Log in links for this page

MassGIS Data: Building Structures (2-D)

November 2023

This dataset consists of 2-dimensional roof outlines ("roofprints") for all buildings larger than 150 square feet for all of Massachusetts.

Table of Contents

Downloads

Overview

The features were initially interpreted by a contractor (Rolta) for the entire Commonwealth using color, 30 cm. DigitalGlobe ortho images obtained in 2011 and 2012, supplemented with LiDAR (Light Detection And Ranging) data collected from 2002 to 2011 for the eastern half of the state.

In 2019, MassGIS refreshed the data to a baseline of 2016 and continues to update features using newer aerial imagery that allows MassGIS staff to remove, modify and add structures to keep up with more current ground conditions. Structures from the original compilation that are removed are stored in an "archive" feature class for edit tracking and historical purposes. Also in 2019, MassGIS replaced the polygons in Boston with data from the city.

In March 2021, the layer was updated with 2017 and 2018 structure review edits along with the first data edits compiled atop spring 2019 imagery. In July 2021, MassGIS completed the statewide update based on 2019 imagery. In September 2022, MassGIS completed the statewide update based on 2021 imagery. MassGIS made further edits based on 2021 imagery during 2023.

The layer is named STRUCTURES_POLY.

Production

The roofprints as delivered by Rolta were enhanced by MassGIS using Normalized Digital Surface Models (NDSMs) derived from the same LiDAR data. Other layers were used, including the Property Tax Parcels, to aid in review, especially where LiDAR data were not available. See the section "Roofprint Shifting" below for details on MassGIS' work to edit the roofprints. For information on other updates see the "Maintenance" section.

Rolta created the polygons based on the 2011 and 2012 DigitalGlobe Ortho images (see Year of Photography Index PDF 1MB), the latest available orthos at the time, using LiDAR as a supplement to determine the shape of structures that were difficult to distinguish in the orthos. The data were saved in ESRI shapefile format and delivered to MassGIS for QA review, then processed to create the final deliverable.

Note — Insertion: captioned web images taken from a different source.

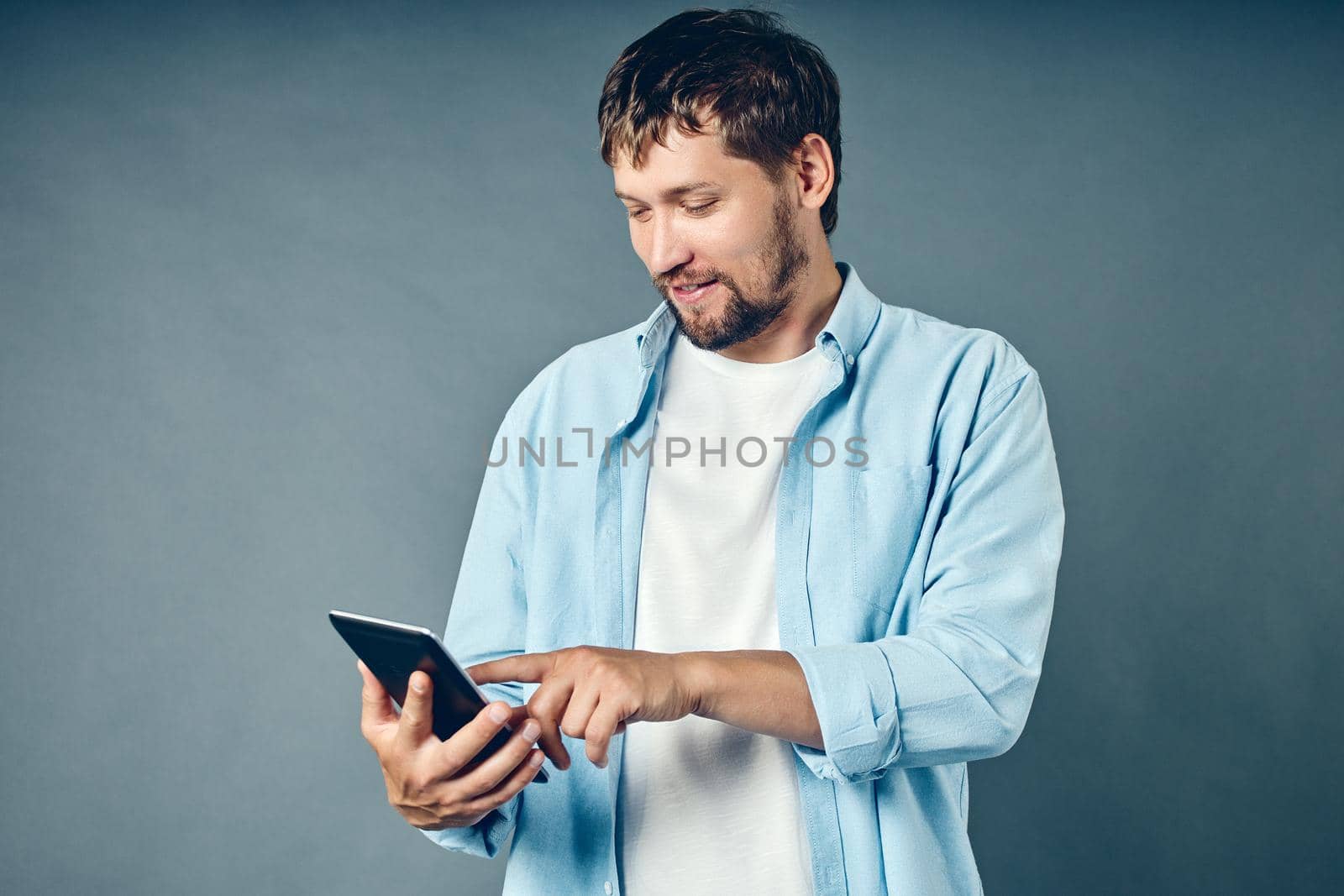 A middle-aged white Caucasian man holds a tablet in his hand and looks at a mobile application. by SergeyPakulin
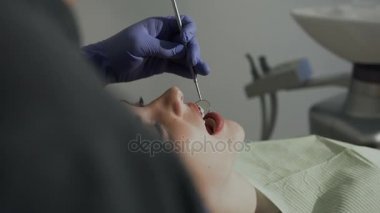 Hastanın sağlıklı dişler. Hasta dişlerini aynada inceleyerek diş hekimi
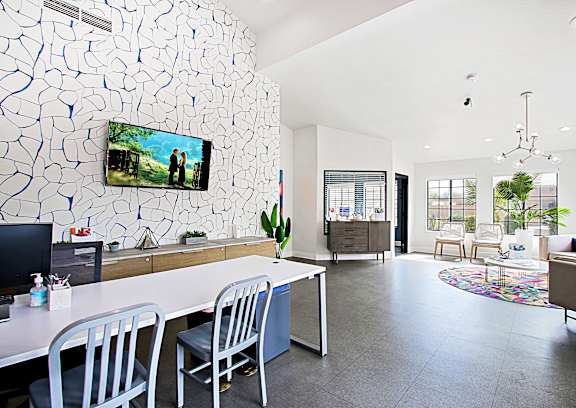 A modern office with a white desk and chairs, a television on the wall, and a patterned wallpaper.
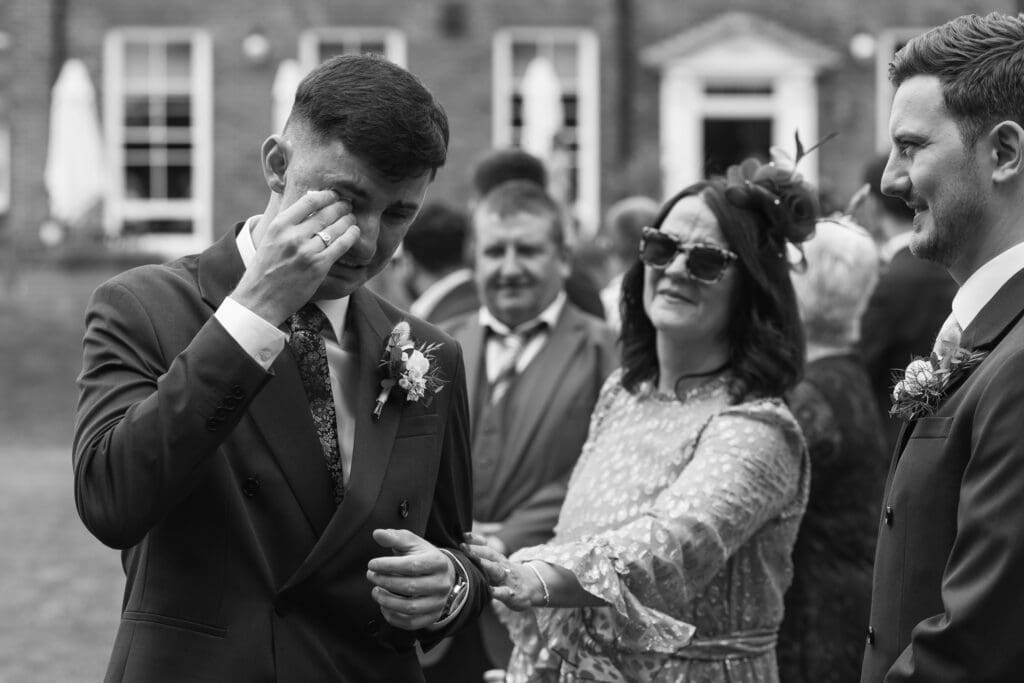 Groom wiping tears from his eye during emotional wedding ceremony outside Stockton House, Shropshire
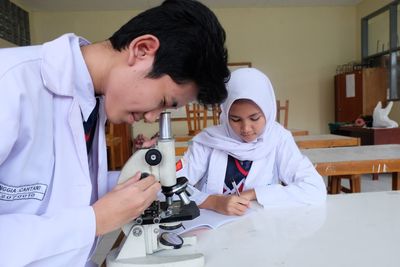 Teenager boy looking through microscope at laboratory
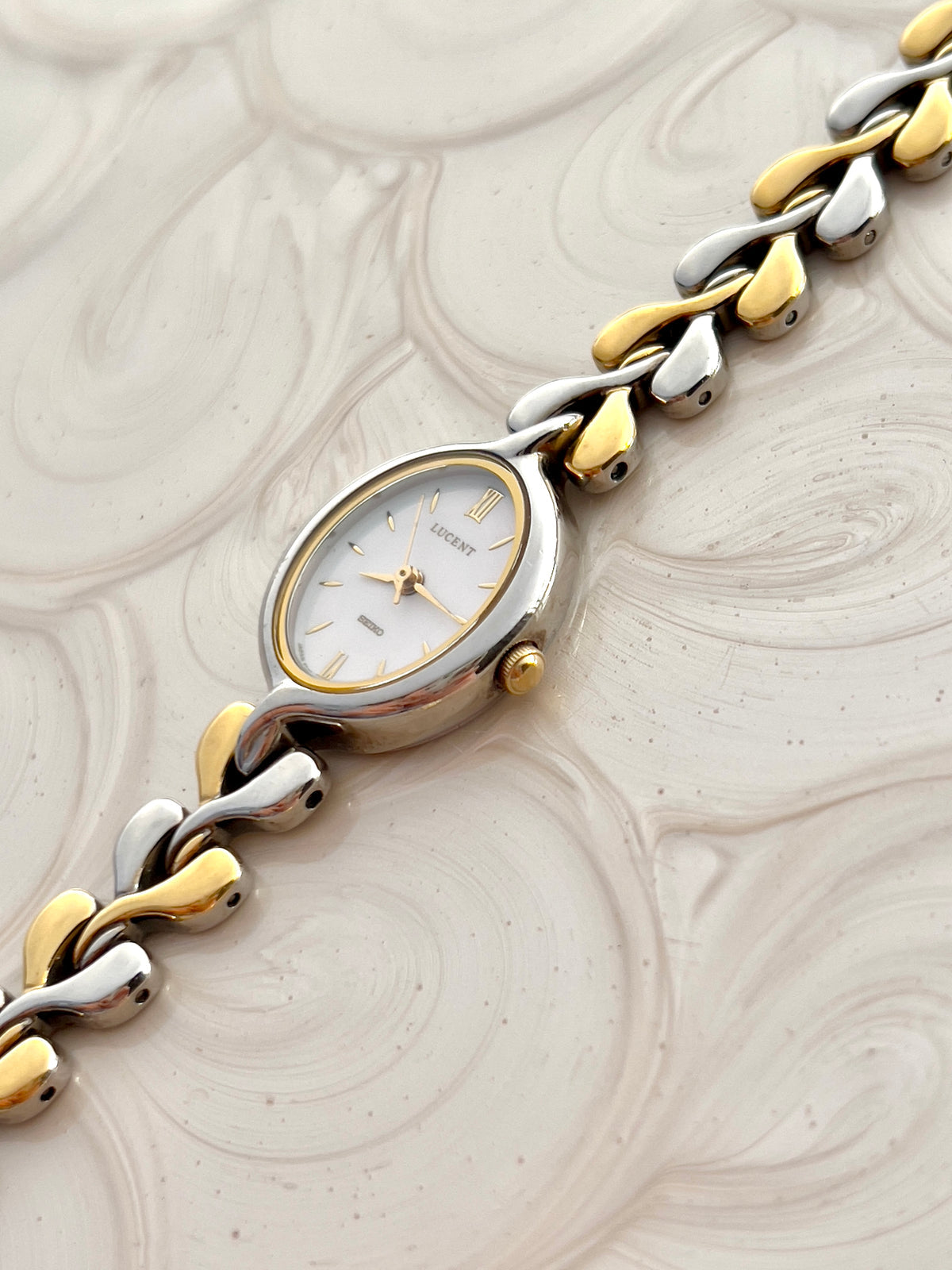 Angled view of Seiko Lucent oval case, pearlescent dial and two-tone links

Criteria Used for Creating a Roofprint

The following is a summary of the guidelines used in creating roofprints (as described in the Request for Response for this project):

A roofprint is a map polygon, with real world coordinates, representing the perimeter outline as it appears in aerial imagery of every structure or portion of a structure which has a roof. Roofprints shall be mapped for all structures equal to or larger than 150 square feet including the following:

  • Residential, commercial, and industrial structures (including roof over porches and decks)
  • Trailer homes and offices
  • Mobile homes
  • Garages, sheds, and other isolated structures

Additionally:

Features that do not have a roof covering usable areas, such as an open deck, the top surface of an electrical transmission or cell tower base, platforms for utility equipment, or other structures which do not have a usable “interior” or covered volume, shall not be interpreted for mapping. Also, vehicles, including truck trailers that are parked with or without a tractor attached, boats, airplanes, etc. should not be mapped. However, trailers with any kind of residential or business use such as temporary classrooms, construction site field offices and the like must be captured.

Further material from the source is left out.